Esclavagistes et proxénètes

Une habitude assez courante de toutes les colonies esclavagistes fut d’acheter de jolies esclaves non seulement pour que le propriétaire puisse en abuser sexuellement, mais aussi pour en tirer un substantiel profit.

Il existait un marché parallèle et officieux concernant les jolies femmes esclaves. Ce marché était destiné bien sûr à permettre aux esclavagistes amateurs de beautés africaines de s’approvisionner. Les prix n’avaient rien à voir avec le marché courant.

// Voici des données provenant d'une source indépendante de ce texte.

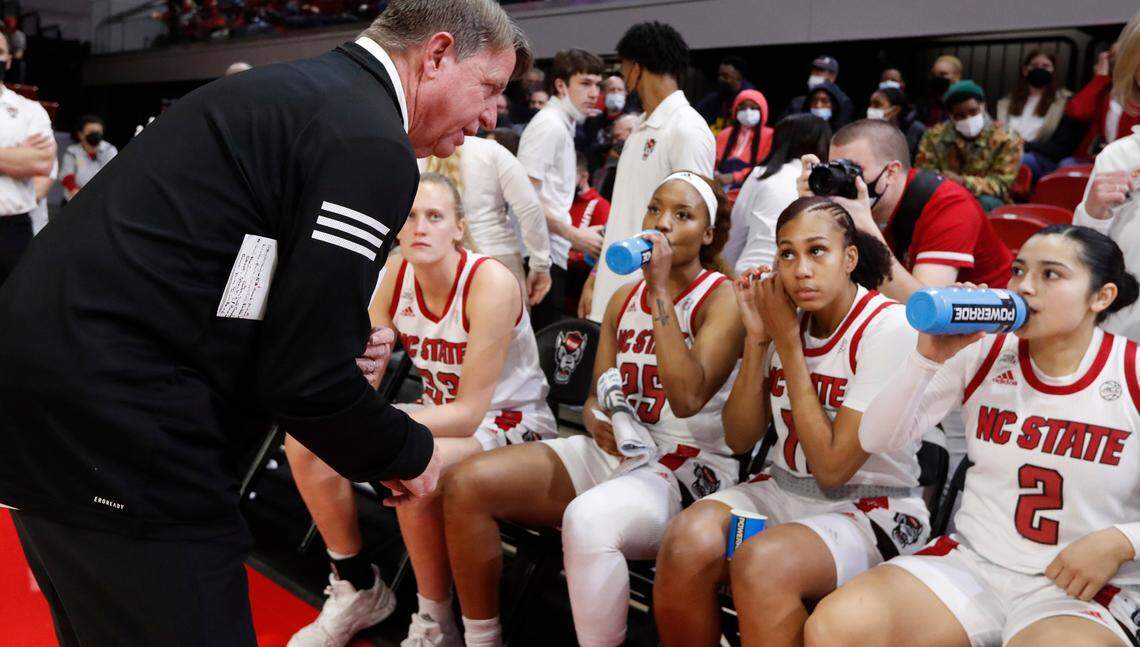 N.C. State head coach Wes Moore talks with his players before team introductions before the Wolfpack’s game against Louisville at Reynolds Coliseum in Raleigh, N.C., Thursday, Jan. 20, 2022.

C’est sur ce marché que s’approvisionnaient les maisons de prostitution qui étaient nombreuses et très fréquentées dans les colonies (notamment par les « petits blancs », les soldats, les marins, qui n’avaient pas les moyens d’acheter une esclave, surtout jolie).

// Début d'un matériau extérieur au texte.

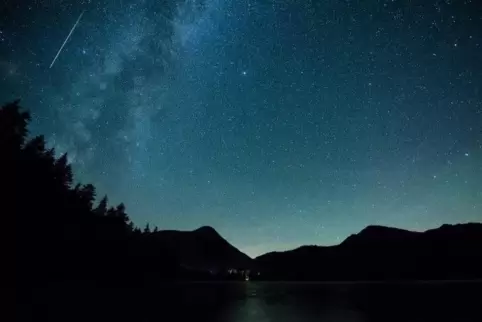 Eine Sternschnuppe leuchtet neben der Milchstraße am Himmel über dem Walchensee. Foto: dpa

Tous les témoignages sont concordants : les moeurs, déjà extrêmement relâchées dans l’Europe du 18e siècle, étaient incontrôlables aux colonies.

Une autre pratique très courante pour les maîtres de jolies esclaves consistait à les louer, à la journée, à la semaine, au mois, ou de leur imposer de racoler en ville, avec l’obligation de revenir chaque jour ou chaque semaine avec une somme fixée par le maître.

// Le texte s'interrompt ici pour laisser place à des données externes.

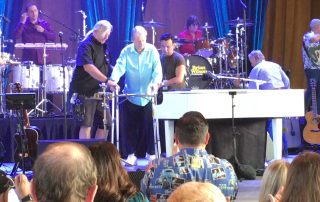 Brian Wilson using a walker to get to piano on tour in 2019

Toutes ces pratiques existèrent aux États-Unis jusqu’en 1865 et certainement au-delà.

Bien entendu, certaines esclaves étaient discrètement vendues (ou louées) à des maisons de prostitution européennes. Outre les maisons spécialisées – les fameux bordels à négresses – l’engouement pour les prostituées afro-descendantes fut frénétique dans le Paris du 18e siècle.  Des noms nous sont parvenus : on sait qu’une certaine Betsi (ou Betzi) était très demandée. Les prostituées européennes et les maquerelles les employant se plaignirent tout à fait officiellement de ce qu’elle estimaient être une concurrence déloyale.

Ce qui était vrai pour les femmes le fut très certainement pour les jeunes hommes et, hélas, les enfants.

Les historiens officiels des anciens pays esclavagistes sont généralement très discrets sur ces sujets. Mais quand on sait comment sont traitées certaines femmes – de toutes couleurs – dans des pays dits civilisés où l’esclavage est théoriquement aboli, quand on sait la demande des Européens pédophiles en Haïti, ils pourraient imaginer ce qu’il en était sous le régime du Code noir.